The first postulate is that the laws of physics apply to all objects universally, as long as an ether or medium is not present. ‘Laws of physics’ refers to the Catholic Galileo’s work in the 17th century and his law of inertia, summarised as: "Objects move with constant speed in a straight line when no external agent is acting on them”.
The second rule or postulate is that the speed of light or its velocity is constant for all objects regardless of their motion. Again, this is similar to Galileo’s own experimental proofs.
Einstein’s ex-cathedra postulate pronouncements are now deemed infallible and eternal. These postulates surround and protect his STR theory. The postulate and rules by themselves may well be sensible. I don’t think they prove much of anything if we extend the postulates to the STR itself or the physical world. Postulate one is basically unprovable. Postulate 2 would not hold outside of a vacuum. STR itself, in toto, is largely premised of course, on mathematics and in particular endless pages of dense equations.
As Einstein supposedly remarked, not more than a dozen people on the planet would understand the theorem. Maybe that was the whole point. The layman with his curiosity and his weathered dirty hand on a shovel handle, may inquire as to what connection exists between the endless equations with their odd symbols, and the physical world. He is answered with more maths and sometimes ridicule.
This post carries on from the introductory post, looking specifically at the mathematical foundations of the theory.
By 1632 the Catholic Galileo had developed complicated equations which would be the basis of mechanical physics. These equations described the transformation between the coordinates of two inertial frames (objects on a grid). The equations are the basis of STR theory. In essence Galileo’s transformation model can be summarised as:
x1 = vt -> where x is a coordinate of an event in one inertial frame (called S usually, with S being an object eg a moving train); x1 is the coordinates of the same event in another inertial frame (S') moving at a constant velocity
y1 = y -> the same as x in the context of y
z1 = z -> same as x, y, in the context of z
t1 = t where t = inertial time
In this theorem the transformations in the y and z directions are identity transformations, which means that there is no change along those axes. The above is very similar to what is deployed in the STR.

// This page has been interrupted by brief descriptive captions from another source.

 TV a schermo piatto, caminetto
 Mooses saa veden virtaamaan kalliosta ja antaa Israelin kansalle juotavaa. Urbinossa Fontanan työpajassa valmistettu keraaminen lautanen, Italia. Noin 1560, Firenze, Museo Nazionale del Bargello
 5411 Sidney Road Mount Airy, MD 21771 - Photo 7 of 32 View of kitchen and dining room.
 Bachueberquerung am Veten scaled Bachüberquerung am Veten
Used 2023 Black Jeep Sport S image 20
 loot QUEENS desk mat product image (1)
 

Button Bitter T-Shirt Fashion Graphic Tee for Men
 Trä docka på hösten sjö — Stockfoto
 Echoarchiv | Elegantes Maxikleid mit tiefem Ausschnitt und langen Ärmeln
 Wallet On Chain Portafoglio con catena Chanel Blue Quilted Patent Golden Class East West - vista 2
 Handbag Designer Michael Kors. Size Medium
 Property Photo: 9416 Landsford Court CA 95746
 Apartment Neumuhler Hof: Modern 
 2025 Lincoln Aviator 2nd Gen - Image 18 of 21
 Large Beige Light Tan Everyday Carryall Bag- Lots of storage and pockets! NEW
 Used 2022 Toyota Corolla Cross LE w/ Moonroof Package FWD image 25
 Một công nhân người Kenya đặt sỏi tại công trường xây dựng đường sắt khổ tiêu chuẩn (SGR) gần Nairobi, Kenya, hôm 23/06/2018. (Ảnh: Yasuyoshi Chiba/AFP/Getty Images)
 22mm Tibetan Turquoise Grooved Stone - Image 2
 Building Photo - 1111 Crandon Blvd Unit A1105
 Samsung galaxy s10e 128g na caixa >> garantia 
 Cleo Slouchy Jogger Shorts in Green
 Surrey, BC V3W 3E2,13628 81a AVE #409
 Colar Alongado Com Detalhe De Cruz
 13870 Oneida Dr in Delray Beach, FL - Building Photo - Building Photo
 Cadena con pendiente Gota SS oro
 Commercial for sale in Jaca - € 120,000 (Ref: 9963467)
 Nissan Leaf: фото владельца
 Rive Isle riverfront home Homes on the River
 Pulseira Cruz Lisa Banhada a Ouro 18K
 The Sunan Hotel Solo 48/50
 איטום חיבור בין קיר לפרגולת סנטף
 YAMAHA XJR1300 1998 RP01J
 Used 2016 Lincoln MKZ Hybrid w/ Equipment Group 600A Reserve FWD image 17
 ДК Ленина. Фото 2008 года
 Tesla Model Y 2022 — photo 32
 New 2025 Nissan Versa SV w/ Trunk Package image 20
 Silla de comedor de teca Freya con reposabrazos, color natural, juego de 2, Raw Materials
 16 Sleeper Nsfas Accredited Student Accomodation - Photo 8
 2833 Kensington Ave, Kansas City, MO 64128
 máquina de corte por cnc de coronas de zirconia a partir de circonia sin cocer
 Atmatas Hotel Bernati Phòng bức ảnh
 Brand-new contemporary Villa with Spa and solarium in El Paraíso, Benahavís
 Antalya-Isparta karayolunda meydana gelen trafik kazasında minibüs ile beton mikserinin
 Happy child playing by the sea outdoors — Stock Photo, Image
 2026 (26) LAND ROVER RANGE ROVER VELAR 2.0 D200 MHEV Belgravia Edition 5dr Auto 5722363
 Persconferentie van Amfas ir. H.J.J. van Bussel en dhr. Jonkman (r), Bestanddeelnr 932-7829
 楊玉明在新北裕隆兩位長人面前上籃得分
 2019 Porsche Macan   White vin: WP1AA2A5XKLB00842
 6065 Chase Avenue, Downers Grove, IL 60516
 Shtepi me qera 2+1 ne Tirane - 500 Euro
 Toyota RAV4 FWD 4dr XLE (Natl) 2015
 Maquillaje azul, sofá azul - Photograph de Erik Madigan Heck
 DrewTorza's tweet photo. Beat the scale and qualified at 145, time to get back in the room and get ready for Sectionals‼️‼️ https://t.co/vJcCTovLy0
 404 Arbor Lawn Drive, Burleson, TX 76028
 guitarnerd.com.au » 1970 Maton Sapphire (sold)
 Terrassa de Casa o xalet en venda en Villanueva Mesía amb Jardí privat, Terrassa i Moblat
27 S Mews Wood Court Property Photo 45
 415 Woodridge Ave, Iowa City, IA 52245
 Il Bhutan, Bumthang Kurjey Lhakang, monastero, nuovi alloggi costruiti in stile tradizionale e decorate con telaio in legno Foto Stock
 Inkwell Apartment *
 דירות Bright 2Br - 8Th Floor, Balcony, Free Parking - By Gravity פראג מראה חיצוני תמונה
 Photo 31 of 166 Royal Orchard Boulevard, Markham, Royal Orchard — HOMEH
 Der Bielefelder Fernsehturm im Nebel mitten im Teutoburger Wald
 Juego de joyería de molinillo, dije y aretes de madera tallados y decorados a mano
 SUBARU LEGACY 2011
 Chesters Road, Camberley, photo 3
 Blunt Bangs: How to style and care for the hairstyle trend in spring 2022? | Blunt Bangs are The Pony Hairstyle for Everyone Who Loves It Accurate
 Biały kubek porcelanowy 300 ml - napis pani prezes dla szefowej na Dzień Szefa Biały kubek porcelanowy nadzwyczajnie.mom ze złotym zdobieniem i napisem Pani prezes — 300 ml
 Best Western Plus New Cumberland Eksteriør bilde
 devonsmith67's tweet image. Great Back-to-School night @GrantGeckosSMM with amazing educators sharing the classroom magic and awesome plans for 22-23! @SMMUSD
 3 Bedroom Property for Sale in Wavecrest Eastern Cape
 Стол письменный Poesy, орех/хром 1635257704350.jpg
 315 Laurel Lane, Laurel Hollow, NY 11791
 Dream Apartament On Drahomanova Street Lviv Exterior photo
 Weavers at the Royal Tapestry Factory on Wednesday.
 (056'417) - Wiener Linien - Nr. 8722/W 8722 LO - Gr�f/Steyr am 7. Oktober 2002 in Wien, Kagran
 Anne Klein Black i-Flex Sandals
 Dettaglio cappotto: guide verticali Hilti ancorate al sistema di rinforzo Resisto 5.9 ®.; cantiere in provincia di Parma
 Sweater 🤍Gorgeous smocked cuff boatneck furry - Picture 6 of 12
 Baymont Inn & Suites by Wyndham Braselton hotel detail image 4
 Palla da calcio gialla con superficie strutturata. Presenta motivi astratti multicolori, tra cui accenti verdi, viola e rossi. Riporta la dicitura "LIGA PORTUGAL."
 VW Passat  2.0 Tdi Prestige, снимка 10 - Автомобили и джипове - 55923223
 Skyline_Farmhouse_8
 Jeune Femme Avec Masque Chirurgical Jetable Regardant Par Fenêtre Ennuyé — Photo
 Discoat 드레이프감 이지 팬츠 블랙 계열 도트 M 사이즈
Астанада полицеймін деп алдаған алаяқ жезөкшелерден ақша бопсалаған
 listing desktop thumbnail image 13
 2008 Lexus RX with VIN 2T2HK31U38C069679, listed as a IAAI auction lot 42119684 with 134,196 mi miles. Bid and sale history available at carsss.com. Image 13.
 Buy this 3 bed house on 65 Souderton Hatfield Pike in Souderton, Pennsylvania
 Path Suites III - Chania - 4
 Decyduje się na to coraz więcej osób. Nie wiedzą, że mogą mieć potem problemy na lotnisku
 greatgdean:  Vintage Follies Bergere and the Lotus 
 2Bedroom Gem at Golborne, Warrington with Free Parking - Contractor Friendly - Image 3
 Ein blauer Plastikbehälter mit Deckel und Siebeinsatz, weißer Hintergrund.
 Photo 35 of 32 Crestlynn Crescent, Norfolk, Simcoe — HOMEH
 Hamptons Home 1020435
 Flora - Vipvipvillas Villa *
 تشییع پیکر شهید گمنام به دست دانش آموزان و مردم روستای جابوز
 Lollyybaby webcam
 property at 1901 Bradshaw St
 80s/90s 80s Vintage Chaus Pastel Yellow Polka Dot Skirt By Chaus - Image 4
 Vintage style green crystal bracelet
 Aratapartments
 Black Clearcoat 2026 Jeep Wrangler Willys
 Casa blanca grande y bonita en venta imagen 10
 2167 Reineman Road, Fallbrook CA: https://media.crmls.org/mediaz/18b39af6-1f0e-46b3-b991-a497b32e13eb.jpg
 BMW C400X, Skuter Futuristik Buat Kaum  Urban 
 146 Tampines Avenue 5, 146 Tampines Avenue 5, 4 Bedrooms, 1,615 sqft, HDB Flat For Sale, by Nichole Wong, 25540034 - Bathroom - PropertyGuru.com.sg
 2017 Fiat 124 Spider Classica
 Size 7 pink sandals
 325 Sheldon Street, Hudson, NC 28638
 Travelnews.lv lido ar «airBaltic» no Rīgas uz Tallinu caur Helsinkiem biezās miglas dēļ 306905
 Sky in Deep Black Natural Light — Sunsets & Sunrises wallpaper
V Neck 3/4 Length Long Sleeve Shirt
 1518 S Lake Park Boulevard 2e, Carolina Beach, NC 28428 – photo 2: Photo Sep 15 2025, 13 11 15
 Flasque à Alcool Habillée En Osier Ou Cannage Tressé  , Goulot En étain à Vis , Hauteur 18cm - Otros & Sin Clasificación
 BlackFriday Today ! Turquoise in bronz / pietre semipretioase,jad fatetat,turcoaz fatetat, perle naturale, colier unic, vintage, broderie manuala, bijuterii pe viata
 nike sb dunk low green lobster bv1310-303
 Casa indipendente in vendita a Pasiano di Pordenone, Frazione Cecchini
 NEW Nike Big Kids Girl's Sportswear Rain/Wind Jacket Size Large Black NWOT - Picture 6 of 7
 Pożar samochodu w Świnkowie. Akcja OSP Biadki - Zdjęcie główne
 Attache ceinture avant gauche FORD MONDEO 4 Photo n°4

Using the above maths Galileo describe the transformations between frames of reference at speeds much less than the speed of light. It is not relativistic. The theory cannot describe the relationship between space and time at relativistic speeds. The Lorentz transformation theory by contrast, can articulate space and time at all relativistic speeds, including at the speed of light.
STR maths & Lorentz
The Galilean transformation was superseded by the Dutchman Hendrik Lorentz’s equations or the ‘Lorentz transformations’, published in 1895. It is undeniable that much of STR is derived from Lorentz though Einstein did not credit the Dutchman. It is well-documented that Albert Einstein corresponded with Lorentz, and he had studied Lorentz's work. The Lorentz transformations describe the mathematical relationship between the coordinates of events in different inertial frames and are the core of Einstein's theory of special relativity.
In their correspondence, Lorentz and Einstein discussed various aspects of electromagnetism, and Einstein was familiar with Lorentz's efforts to reconcile the phenomena of electromagnetism with the principles of classical Galilean mechanics. Einstein took Lorentz’s work and extended it, adding the 2 postulates analysed in the first post, and E=mc2 or the conversion of energy and mass. This would be proven in nuclear reactions. E is the energy of the object, m its mass, and c is the speed of light in a vacuum.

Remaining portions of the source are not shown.